Le 24 mai 2025, à l’âge de 97 ans, Marcel Ophüls est décédé. L’occasion pour Cinérama de revenir sur la vie du réalisateur, ses origines, la vie de son père Max Ophuls, ainsi que sur sa carrière, marquée notamment par son documentaire Le Chagrin et la Pitié
Marcel est le fils de la comédienne Hilde Wall et de Maximilian Oppenheimer, qui adoptera le nom de Max Ophüls afin de ne pas embarrasser son père en cas d’échec. Né en 1902 en Allemagne, il débute sa carrière comme metteur en scène de théâtre, puis devient acteur avant de s’imposer comme réalisateur. En 1933 , à la suite de l’incendie du Reichstag, il fuit l’Allemagne nazie et se réfugie en France. En 1940, il doit également quitter la France et part s’exiler aux Etats-Unis. Malgré ces déplacements successifs et des débuts difficiles à Hollywood, il parvient à poursuivre son activité cinématographique durant cette période.
Lors de son retour en France en 1950, Max Ophüls réalise plusieurs films qui rencontrent un immense succès, notamment La Ronde (1950) et Le Plaisir (1952). Son dernier film Lola Montès (1955) marque un tournant : son fils Marcel y travaille comme assistant. Il devient à son tour réalisateur, d’abord pour le cinéma, puis pour la télévision. Il travaille pour l’ORTF, l’organisme public chargé de la radio et de la télévision en France. Cependant, en raison de sa participation aux manifestations de mai 1968, il est licencié par la chaîne. Contraint de quitter la France, Marcel par alors en Allemagne, où la télévision publique lui offre la possibilité de réaliser son œuvre majeure : Le Chagrin et la Pitié.
Ce documentaire de près de quatre heures, tourné en noir et blanc, alterne des images d’archives avec des interviews de citoyens allemands et français, qui racontent leur quotidien durant l’Occupation. Tour à tour, des commerçants, d’anciens résistants, mais aussi d’anciens officiers de la Wehrmacht prennent la parole. Le film donne également la parole à des collaborateurs assumés, comme Christian de La Mazière, dont l’interview restera l’un des moments les plus marquants du documentaire. Cette alternance de points de vue permet de saisir l’atmosphère complexe, en France durant les années d’Occupation.

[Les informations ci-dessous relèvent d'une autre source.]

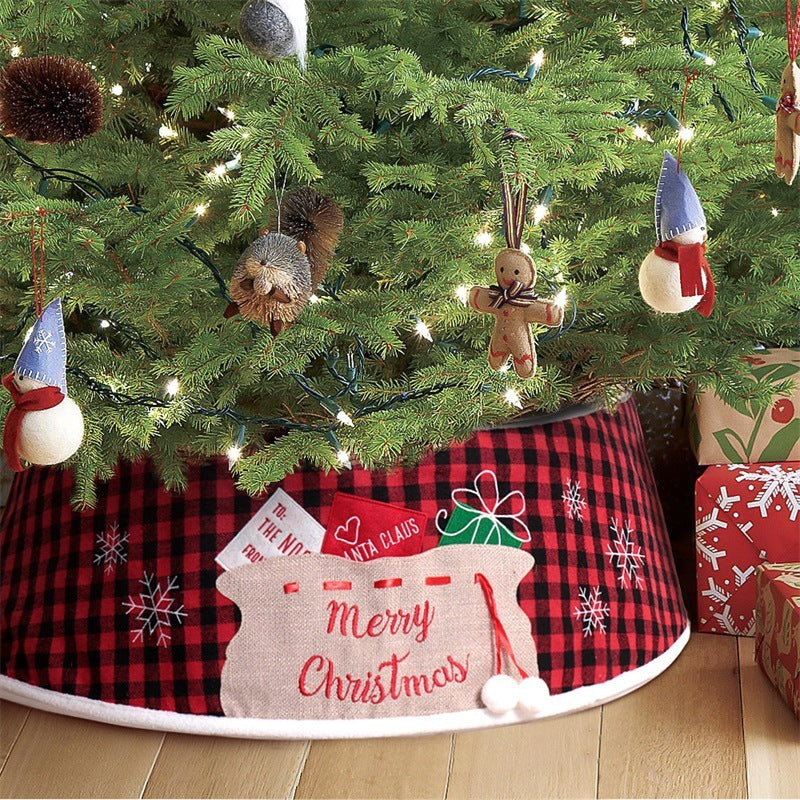 48-inch black and red plaid tree skirt - MRSLM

Le documentaire est diffusé à la télévision allemande en 1969, mais il est censuré en France pendant plusieurs années. En cause : l’approche du film, qui met en lumière la réalité d’une France où une grande partie de la population a collaboré – activement ou passivement – avec l’occupant nazi. Ce point de vue dérange, car il vient bousculer le mythe résistancialisme selon lequel les Français auraient unanimement et naturellement résisté durant la Seconde Guerre mondiale.
Lorsque la censure est levée en 1971, le documentaire provoque un choc et devient un objet de débat qui divise profondément. Simone Veil, alors députée, déclare qu’en présentant les Français comme de « salauds ordinaires » sans entrer dans le détail, Marcel Ophüls contribuait à déculpabiliser les véritables responsables de la collaboration, ainsi que, par ricochets, les Allemands eux-mêmes.
Aujourd’hui, Le Chagrin et La Pitié demeure la première œuvre à avoir abordé de front ce sujet longtemps tabou. Elle reste une œuvre précieuse pour comprendre les fondements de la collaboration en France pendant l’Occupation.
A la suite du film Le Chagrin et La Pitié, Marcel Ophüls conserve sa patte documentaire. Il réalise l’Empreinte de la justice, un film centré sur les crimes de guerre, puis Hôtel Terminus (1988), un documentaire retraçant la vie de Klaus Barbie qui lui vaudra l’Oscar du meilleur film documentaire en 1989. En 2009, il consacre un documentaire à la mémoire de son père Max Ophüls, puis en 2013, il réalise Un voyageur, une œuvre autobiographique dans laquelle il revient sur sa vie. Ce film vient clore, l’histoire d’une dynastie de créateurs qui n’a jamais cessé de filmer, quels que soient les lieux, les époques ou les obstacles.